Stattdessen sorgen die Spieler für die Schlagzeilen. Bobby Wood beendete seine seit März andauernde Durstrecke und auch die Neuzugänge Andre Hahn und Rick van Drongelen zeigten starke erste Wochen im Rauten-Trikot. Gisdol selbst zeigte sich nach dem perfekten Saisonstart besonders von der Einstellung seiner Spieler angetan: " "Viele Spieler sind über ihren inneren Schweinehund hinaus gegangen. Das war herausragend."
Aus Sicht der Hamburger bleibt zu hoffen, dass sich diese Form über die Länderspielpause hinaus konservieren lässt, immerhin warten mit Leipzig, dem starken Aufsteiger aus Hannover und dem BVB direkt drei Mammutaufgaben.
Leipzig kann doch noch Leipzig-Fußball
Drei Halbzeiten mussten sich die Bullen-Anhänger gedulden, drei Halbzeiten lang biss sich die hochgelobte RBL-Offensive an den gegnerischen Abwehrreihen die Zähne aus. Der Kaltstart mit null Punkten aus den ersten beiden Partien drohte.
Doch nach drei Halbzeiten war der Spuk vorbei. Angeführt von den bärenstarken Jean-Kevin Augustin und Timo Werner ballerten sich die Leipziger in einem beeindruckenden Sturmlauf nicht nur den Frust der vergebenen Torchancen von der Seele, sondern die Freiburger auch noch gleich mit aus dem Stadion.
Aus 0:1 mach 4:1 binnen 45 Minuten - dank des attraktiven Vollgasfußballs der vergangenen Saison. "Es war heute eine mentale Glanzleistung von uns allen. 29 Torschüsse in 90 Minuten sagen viel über das Spiel aus!", resümierte Hasenhüttl.
Die stattliche Anzahl der Torschüsse sagt nicht nur viel über das Spiel aus, sondern bedeutet gleichzeitig einen neuen Rekord: So viele Torschüsse gab RBL in einem Ligaspiel noch nie ab.
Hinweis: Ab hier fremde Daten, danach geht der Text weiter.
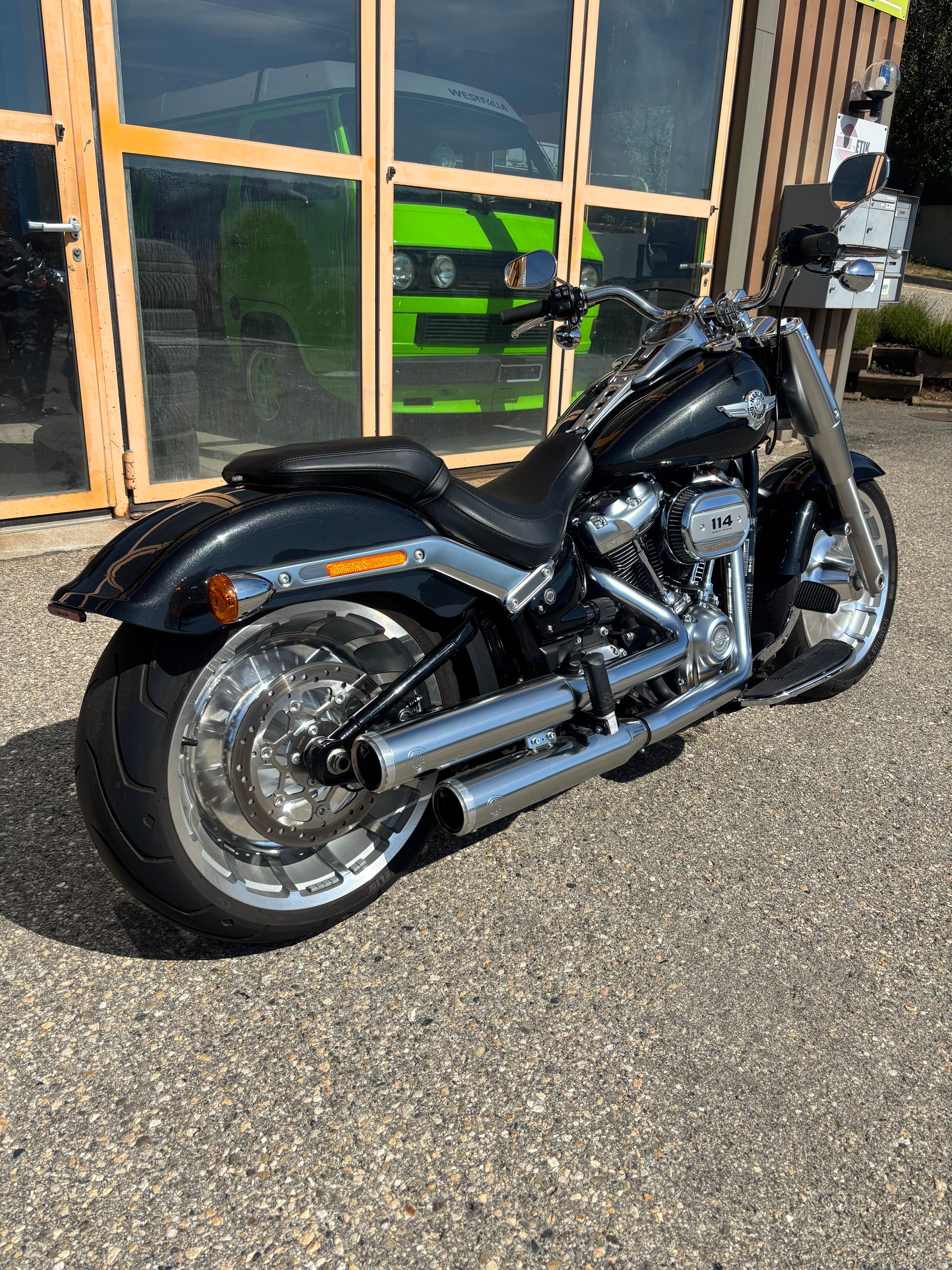 HARLEY-DAVIDSON FLFBS Fat Boy 114 ABS-image-0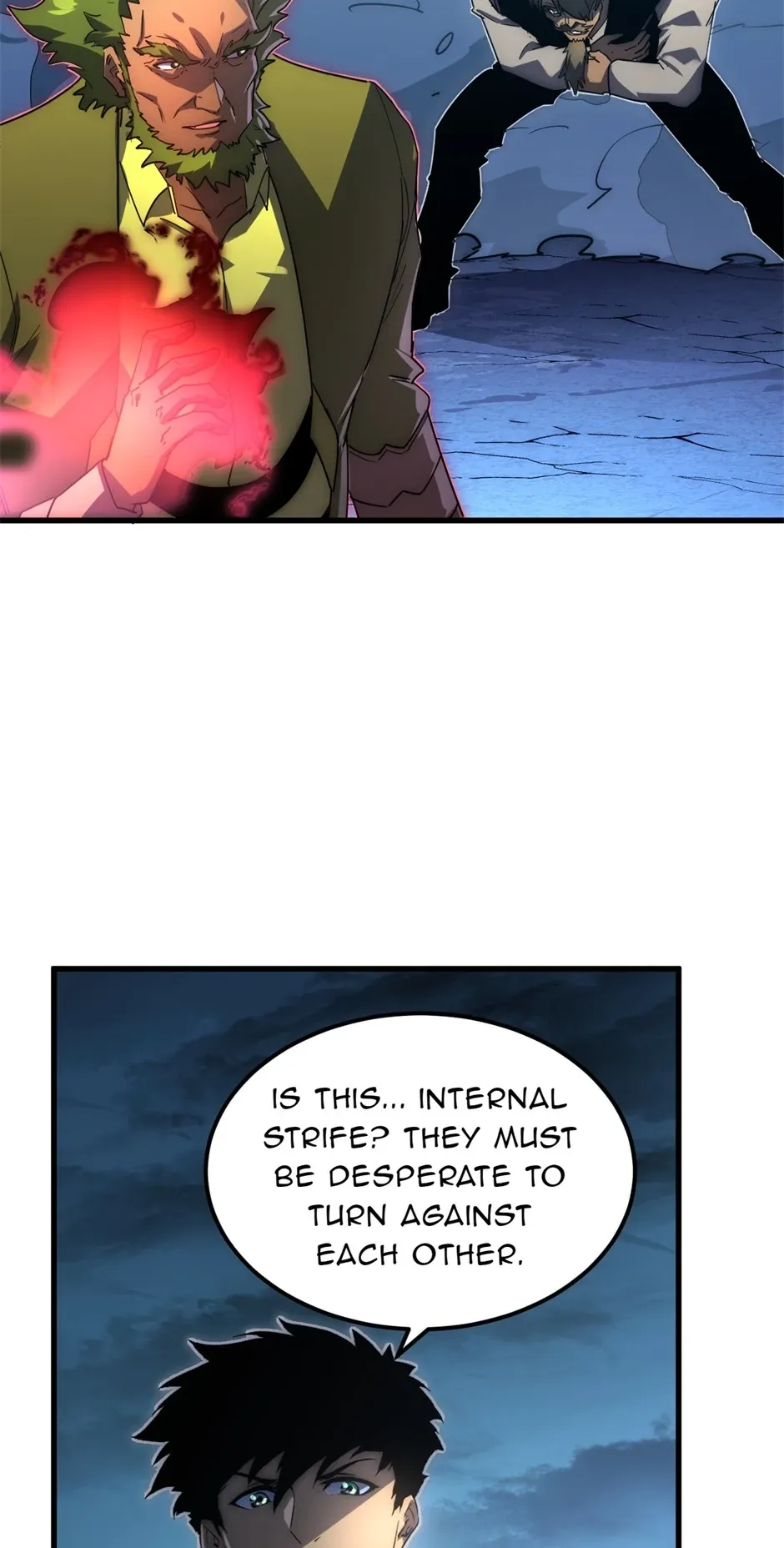 Read The Warrior Ascends From The Rubble chapter 160 image 48 on Lezhin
Dementsprechend zufrieden gab sich Hasenhüttl nach der Partie. "Wir haben den Sieg heute gegen Freiburg erzwungen!"
Lewandowski ist der Knaller
Über 70 Minuten lief Robert Lewandowski komplett unter dem Radar. Keine einzige Torschussbeteiligung und nur gefühlt eine Hand voll Ballkontakte - der Pole wurde von der Werder-Defensive total abgemeldet und war im Spiel der Münchner überhaupt kein Faktor. Überhaupt mühten sich die Bayern gegen tapfer kämpfende Bremer sichtlich und fanden im grün-weißen Abwehrgeflecht keine Lücken.
Doch Lewandowski gehört zu den besten seiner Zunft und das stellte er abermals unter Beweis. Gerade einmal drei Minuten benötigte er, um seine Statistik wesentlich aufzupolieren. Erst bugsierte er eine scharfe Hereingabe von Kingsley Coman mit der Hacke sehenswert über die Linie, ehe er gleich zwei Bremern den Ball durch die Hosenträger zum 2:0 jagte.
Vom Nicht-Faktor zum Doppeltorschützen und Matchwinner. Da geriet auch der neue Sportdirektor Hasan Salihamidzic ins Schwärmen: "Sicher ist er der beste Stürmer der Bundesliga und einer der besten der Welt. Für uns ist Lewa einfach der Knaller."
Wer Brazzo trotz drei minütigen Lewandowski-Show noch nicht beipflichten will, der darf sich von einer anderen Statistik überzeugen lassen: Lewy traf in seinen 27 Pflichtspielen im Jahr 2017 satte 29 Mal! Kein anderer Bundesliga-Spieler netzte öfter als 25 Mal (Aubameyang) ein.